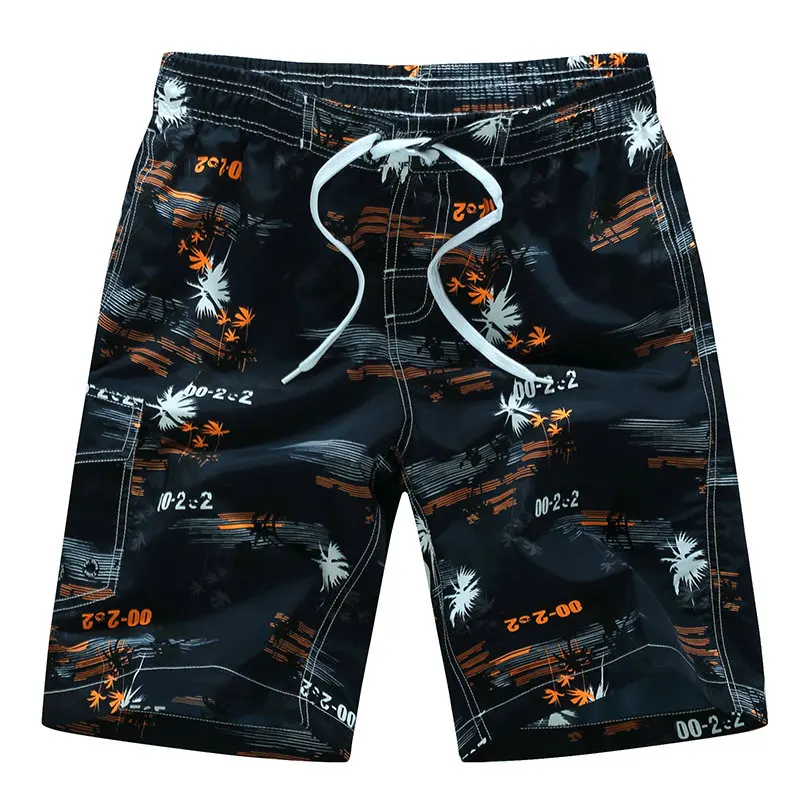 

2021 New Shorts Hot Selling Printing Board Shorts Men Casual Summer Men Beach Shorts M-5XL Men Shorts Beach Shorts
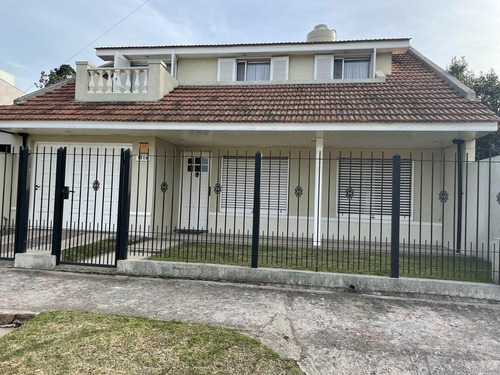 Venta Casa Quinta Monte Grande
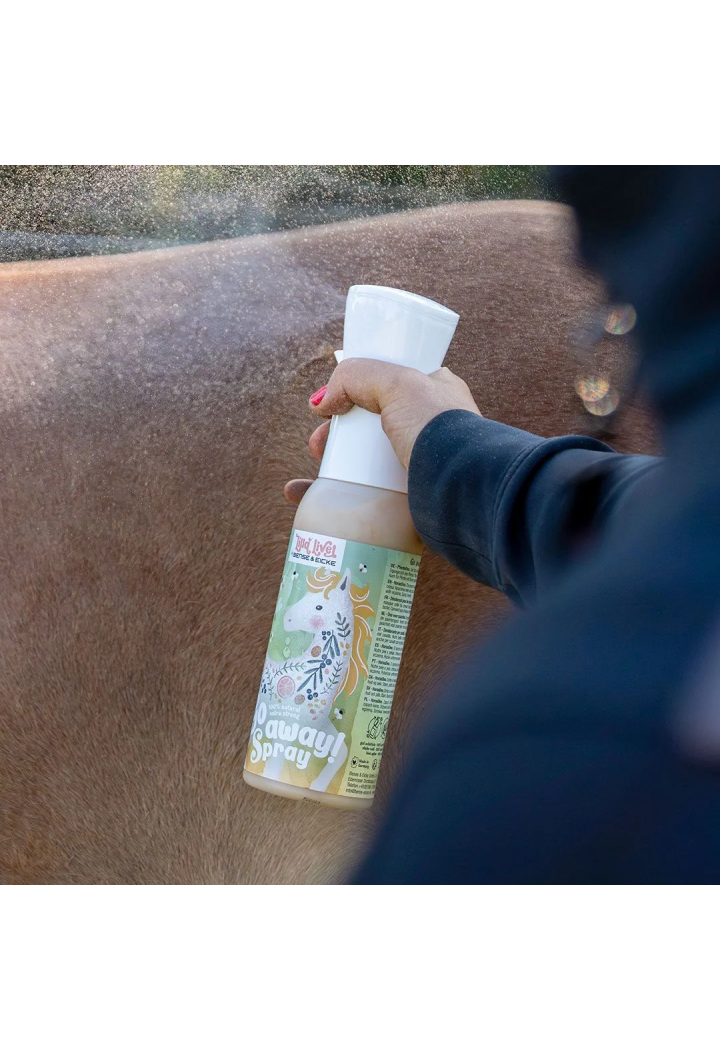 Spray contro gli insetti Bense&Eicke Lilla Livet Vai via 500ml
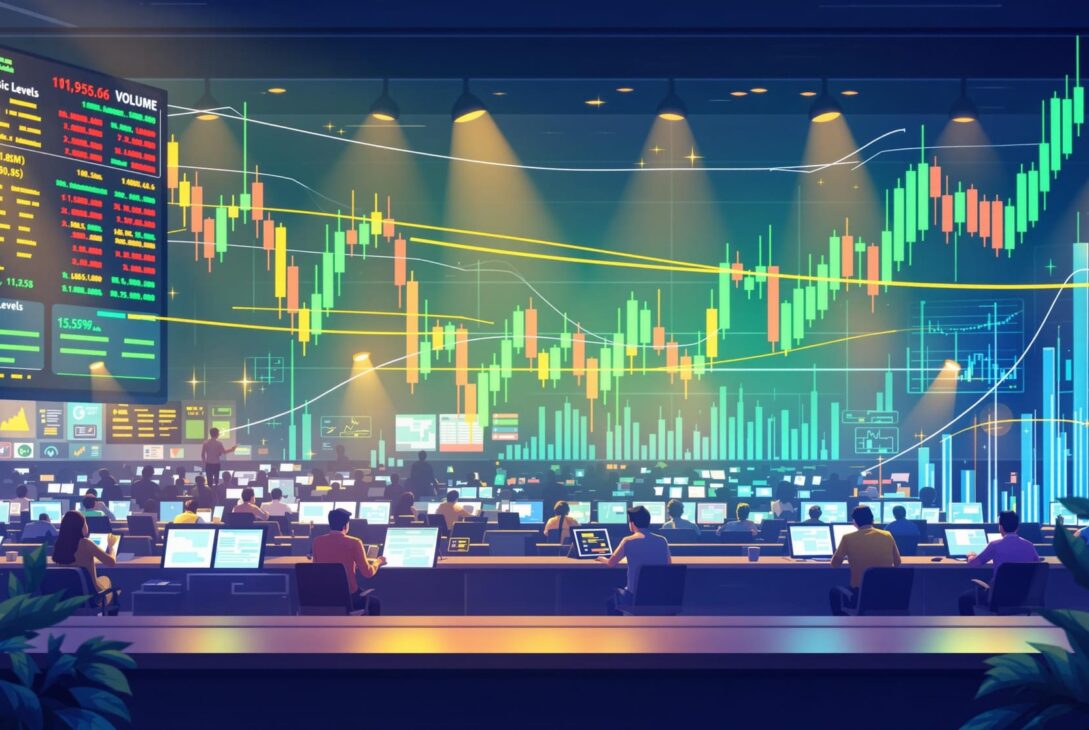Fintradix Records Highest Quarterly Profit Margins Since Inception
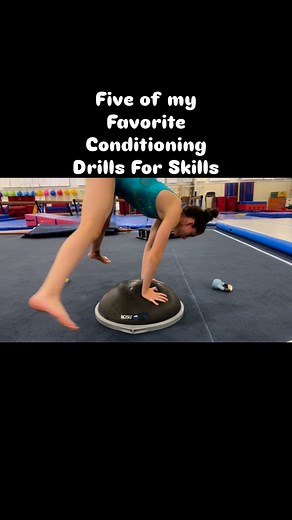 451 reactions · 57 shares | Here are a few of my favorite drills for skills. Great side stations! Get all my training programs in my monthly plans. Are you new to Betsy Bootcamp? I’m offering a free preview of my club to the first FIVE people who respond to my DM with “give me free access” #betsybootcamp #gymnastics | Betsy McNally Laouar Gymnastics Nutrition and Fitness Specialist | Facebook
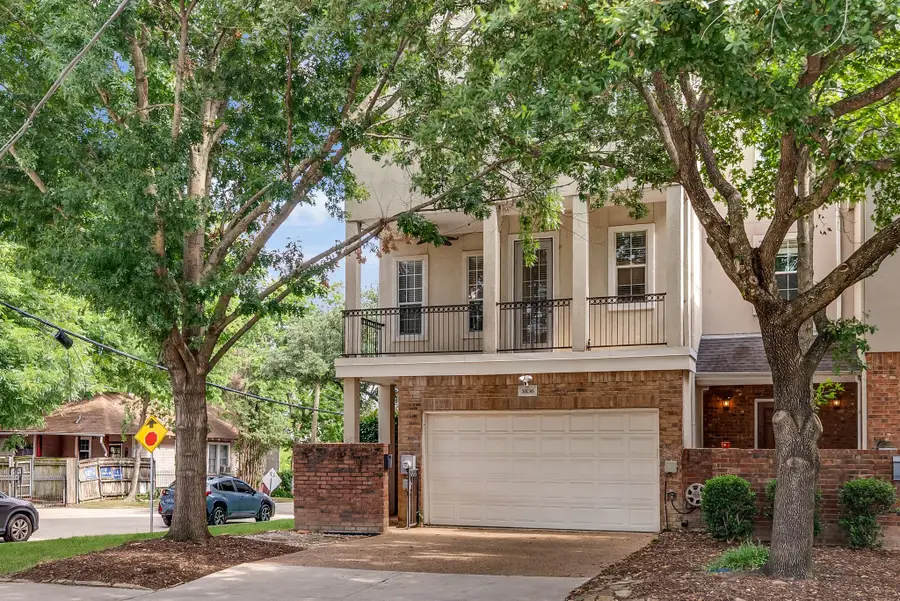 5836 La Vista Drive, Dallas, TX 75206 - #2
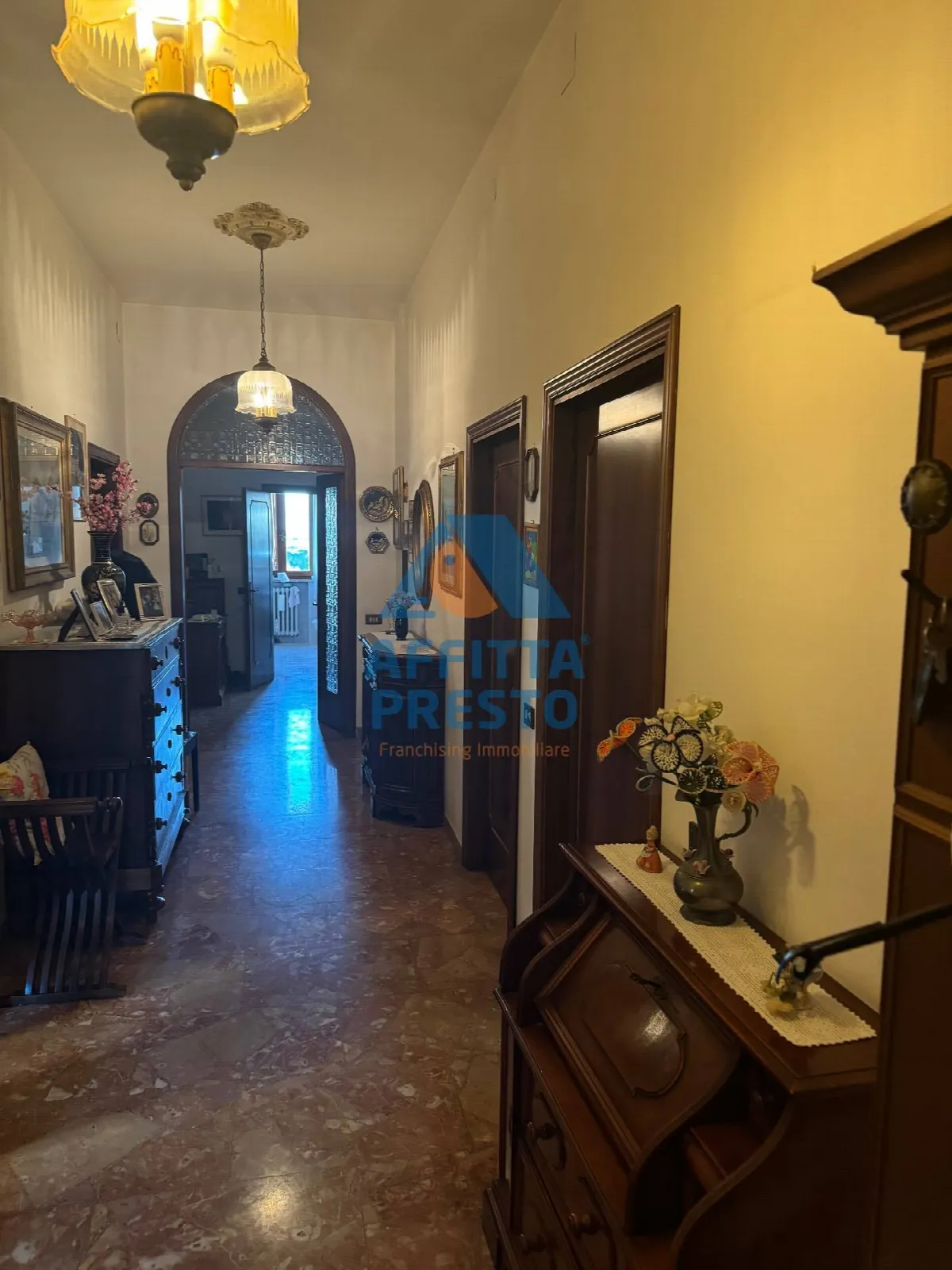 Appartamento in vendita a Cerreto Guidi - foto 2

################

_Try it:_ Transcribe the listing above exactly, but only from the line with "Venta Casa Quinta Monte Grande" through the line with "Fintradix Records Highest". Include both of those lines and omit the pictures.

_Result for this task:_
 Venta Casa Quinta Monte Grande
 Spray contro gli insetti Bense&Eicke Lilla Livet Vai via 500ml
Fintradix Records Highest Quarterly Profit Margins Since Inception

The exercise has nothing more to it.